Un Hercule C-130 de la 910th Airlift Wing de l’Air Force Reserve Command, issu de la Youngstown-Warren Air Reserve Station en Ohio, déverse un produit dispersant dans le golfe du Mexique le 5 mai 2010, dans le cadre des efforts entourant l’explosion de la plateforme Deepwater Horizon. La 910th AW se spécialise dans la pulvérisation aérienne. Elle est la seule unité à voilure fixe du département américain de la Défense pouvant effectuer cette tâche à grande échelle. © US Air Force Public Affairs
Un Hercule C-130 de la 910th Airlift Wing de l’Air Force Reserve Command, issu de la Youngstown-Warren Air Reserve Station en Ohio, déverse un produit dispersant dans le golfe du Mexique le 5 mai 2010, dans le cadre des efforts entourant l’explosion de la plateforme Deepwater Horizon. La 910th AW se spécialise dans la pulvérisation aérienne. Elle est la seule unité à voilure fixe du département américain de la Défense pouvant effectuer cette tâche à grande échelle. © US Air Force Public Affairs

Les dispersants sont des produits dont la tâche est de fragmenter une nappe de pétrole en petites gouttes, ce qui rend plus facile la dissémination des hydrocarbures dans un grand volume d’eau. Cela a l’avantage d’accélérer le rythme de biodégradation du pétrole. Si plusieurs produits chimiques ont démontré leur efficacité pour cette tâche, d’autres n’ont pas aussi bien réussi le test de la réalité par rapport à ce que leurs résultats en laboratoire laissaient présager. Le Corexit 9500A appartient à la seconde catégorie.

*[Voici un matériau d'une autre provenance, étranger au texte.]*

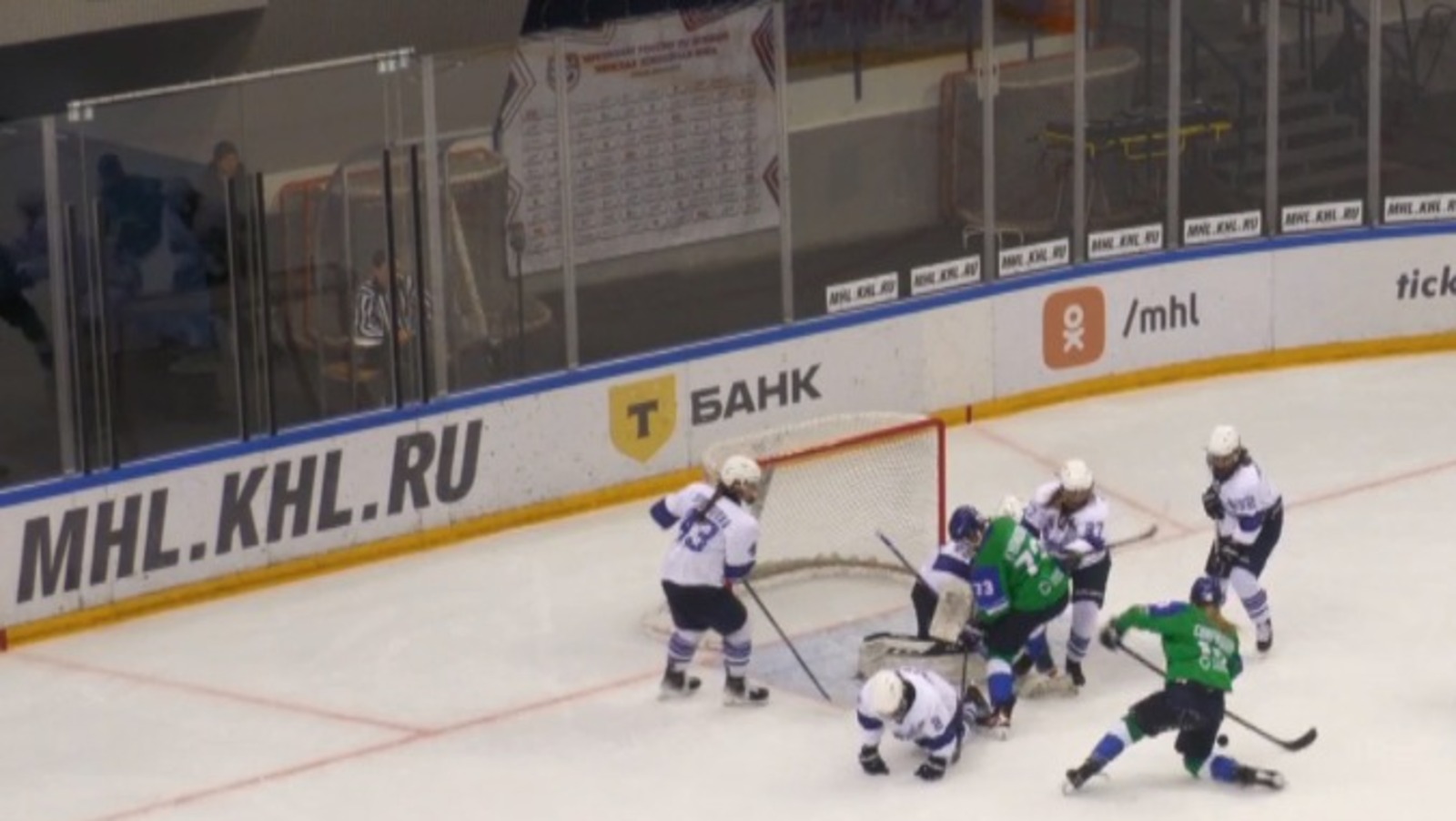 скриншот видео матча.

En fait, les antécédents du Corexit 9500A n’ont pas démontré la fiabilité nécessaire sur le terrain pour qu’on en fasse un produit autorisé. Dans certains cas, par exemple lors de la fuite du puits de la plateforme Deepwater Horizon en 2010, il s’est avéré que le produit a dispersé moins de 10 % du pétrole en surface, en en laissant ainsi une très large part toucher les berges, les oiseaux et les mammifères marins.

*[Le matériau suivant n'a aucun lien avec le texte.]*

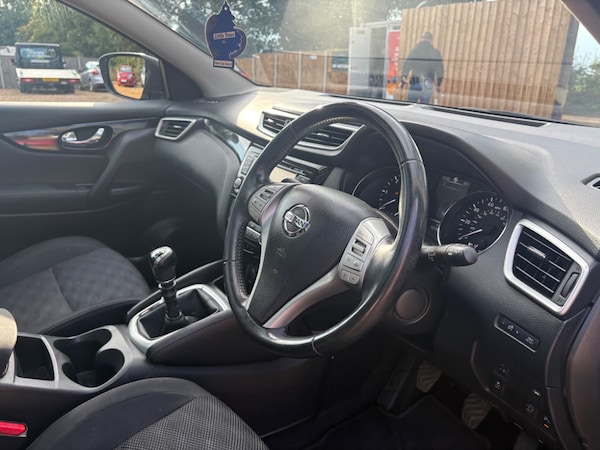 Used Nissan Qashqai 2016 for sale - 76094834: Photo 23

De plus, nous nous inquiétons de l’impression créée par l’ajout de nouveaux produits à la liste des agents autorisés pour le nettoyage d’un déversement de pétrole. En effet, cela peut créer l’illusion qu’il existe une solution facile lorsqu’une telle fuite, un désastre sur le plan environnemental, se produit. Les pétrolières, lorsqu’elles réclament les approbations réglementaires nécessaires à leurs activités, se basent notamment sur leurs plans en cas de déversement. Elles affirment alors pouvoir « gérer» de telles fuites en utilisant des agents dispersants, tels que le Corexit 9500A, à grande échelle. Toutefois, les faits nous laissent penser que l’utilisation de ces produits est, au mieux inefficace et constitue, au pire, un facteur aggravant rendant le remède pire que la maladie.

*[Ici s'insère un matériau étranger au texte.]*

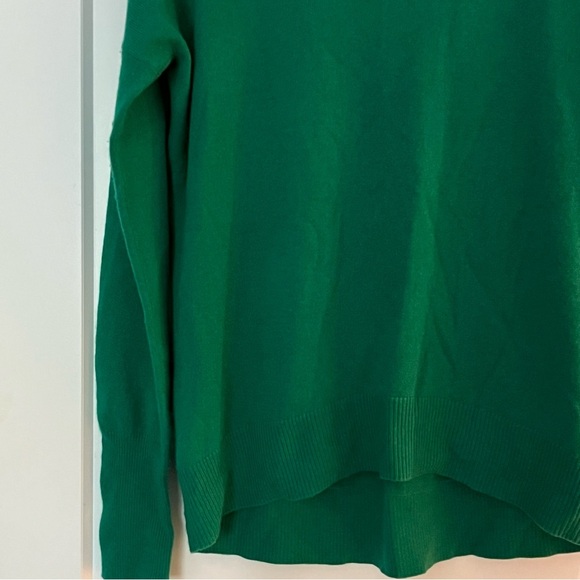 Luxe Theory 💯 Cashmere relaxed fit sweater - Picture 9 of 11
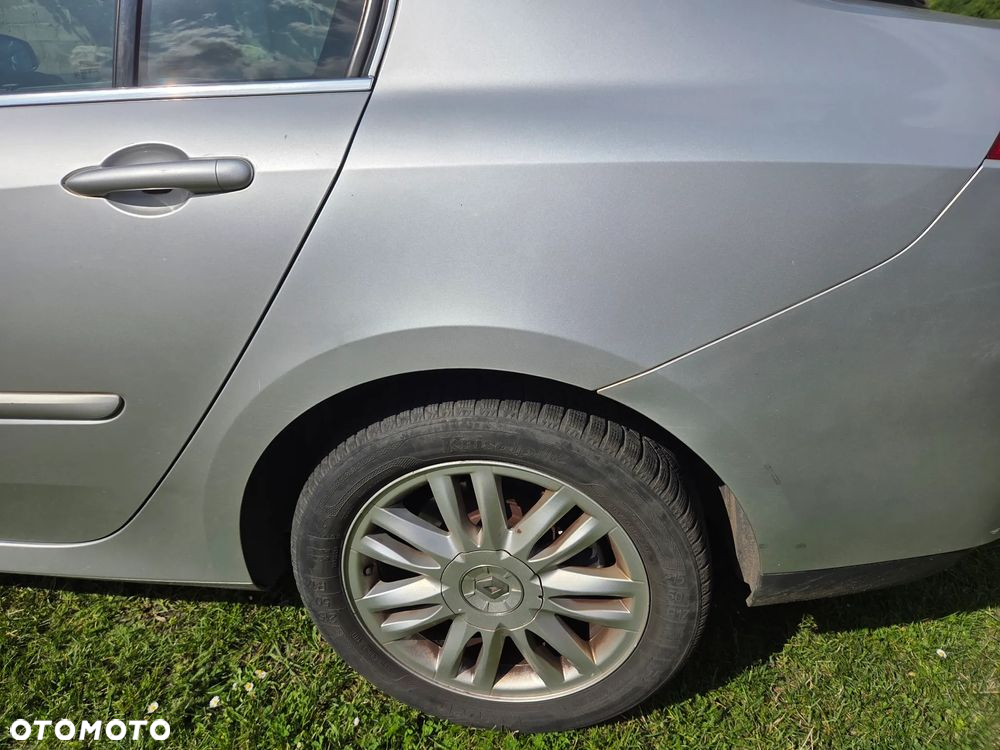 Renault Laguna 2.0 dCi Initiale - 10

Ce faux sentiment de sécurité par rapport au nettoyage des déversements pétroliers inquiète gravement le WWF-Canada, alors que la fonte de la banquise ouvre le Nord à un développement économique et industriel à plus grande échelle. En particulier, l’exploitation pétrolière et gazière dans l’Arctique – que ce soit vers l’ouest dans la mer de Beaufort ou vers l’est dans la baie de Baffin – constitue un motif important d’inquiétude. Au cours des dernières années et en collaboration avec Ecojustice, nous avons soumis plusieurs requêtes à l’Office national de l’énergie, lui demandant de n’accorder aucune exemption aux règles strictes entourant les activités de forage extracôtier.
En conclusion? Il n’y a qu’une seule façon vraiment efficace de gérer un déversement pétrolier : faire en sorte qu’il ne se produise pas en premier lieu.